> _Required work_: Your copy should match the records exactly, except that no pictures appear in it.
[[ Information, beginning ]]
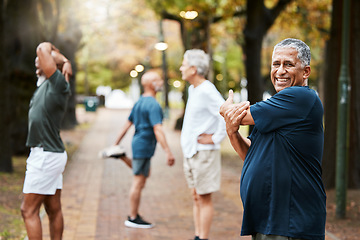 Image showing Fitness, exercise and stretching with a senior man getting ready for a workout or training outdoor at the park. Health, wellness and performance with elderly male at the start of his routine in group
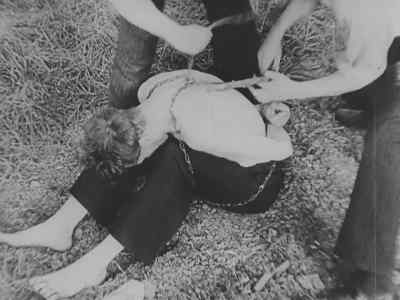 The Nazis also would tie a man
in chains in this manner, - Nazi Concentration Camps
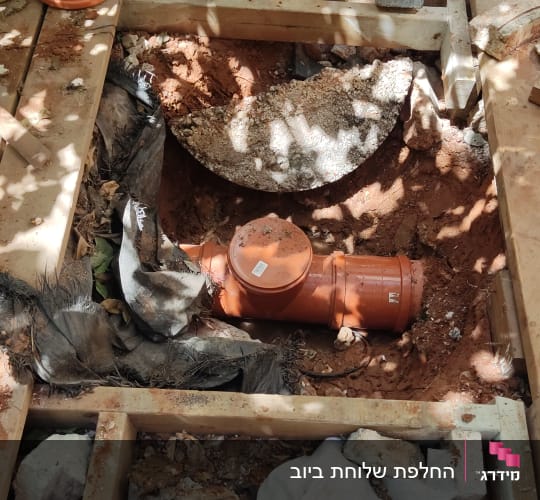 צינור כתום מונח בתוך חפירה באדמה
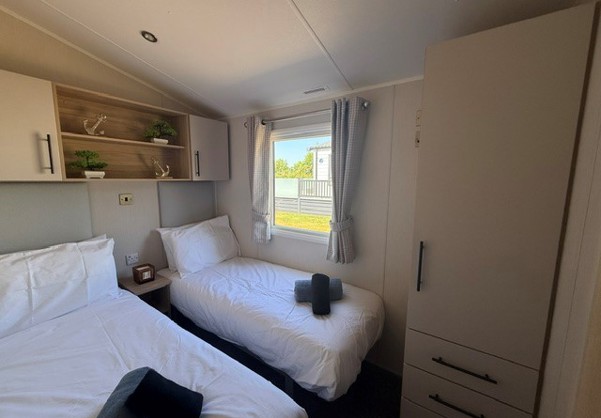 Internal of a caravan twin bedroom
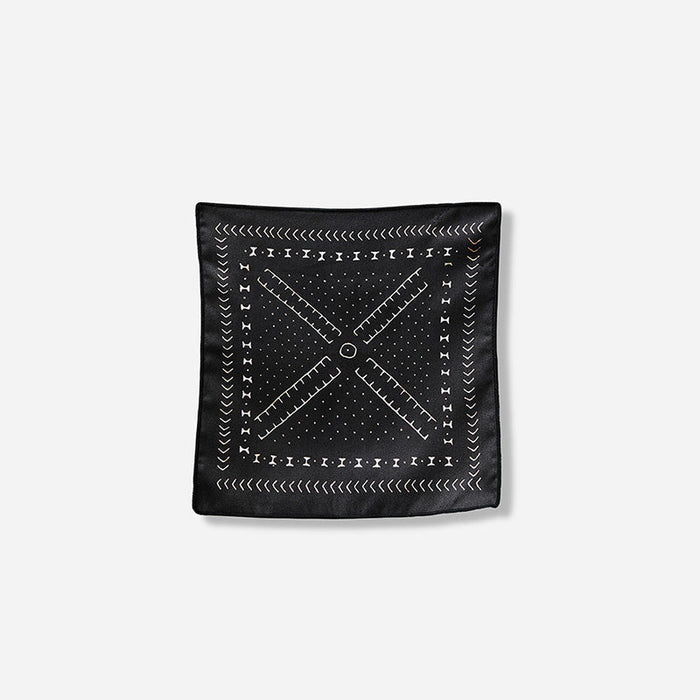 Nomadix Tiny Towel 3-Pack towel in black with white geometric pattern, front view.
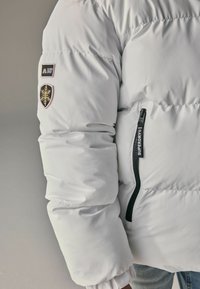 Doudoune blanche avec des poignets côtelés, zip latéral et écussons présentant un flocon de neige et le logo de la marque. Texture du matériau lisse et brillante.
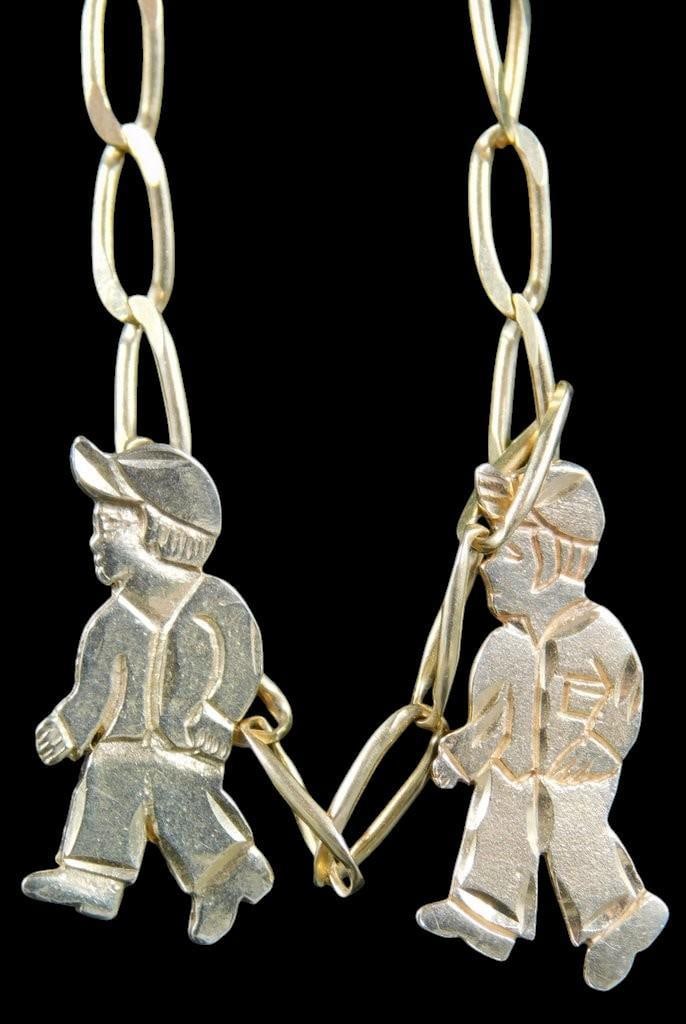 18K Gold Pendant Necklace w/ Figaro Chain and Two Boy Charms: 18K gold necklace featuring a Figaro link chain and two charms depicting boys in etched designs Both charms are engraved on the reverse with names Justin and Alex and dates as shown, providing persona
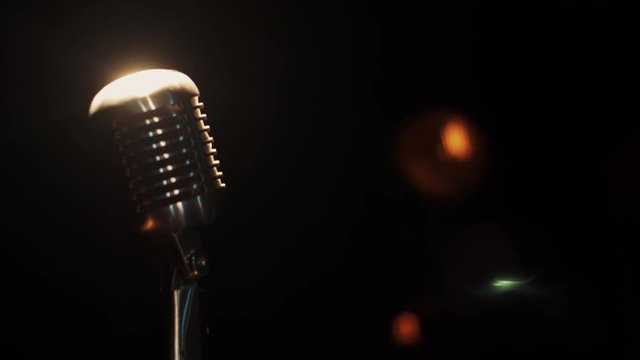 View of concert vintage microphone stay on stage in closed club under spotlight. Zoom in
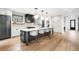 Spacious kitchen with large center island, modern lighting, and stainless steel appliances at 1035 S Josephine St, Denver, CO 80209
[[ Information, end ]]
> _Finished exercise_:
 Image showing Fitness, exercise and stretching with a senior man getting ready for a workout or training outdoor at the park. Health, wellness and performance with elderly male at the start of his routine in group
 The Nazis also would tie a man
in chains in this manner, - Nazi Concentration Camps
 צינור כתום מונח בתוך חפירה באדמה
 Internal of a caravan twin bedroom
 Nomadix Tiny Towel 3-Pack towel in black with white geometric pattern, front view.
 Doudoune blanche avec des poignets côtelés, zip latéral et écussons présentant un flocon de neige et le logo de la marque. Texture du matériau lisse et brillante.
 18K Gold Pendant Necklace w/ Figaro Chain and Two Boy Charms: 18K gold necklace featuring a Figaro link chain and two charms depicting boys in etched designs Both charms are engraved on the reverse with names Justin and Alex and dates as shown, providing persona
 View of concert vintage microphone stay on stage in closed club under spotlight. Zoom in
 Spacious kitchen with large center island, modern lighting, and stainless steel appliances at 1035 S Josephine St, Denver, CO 80209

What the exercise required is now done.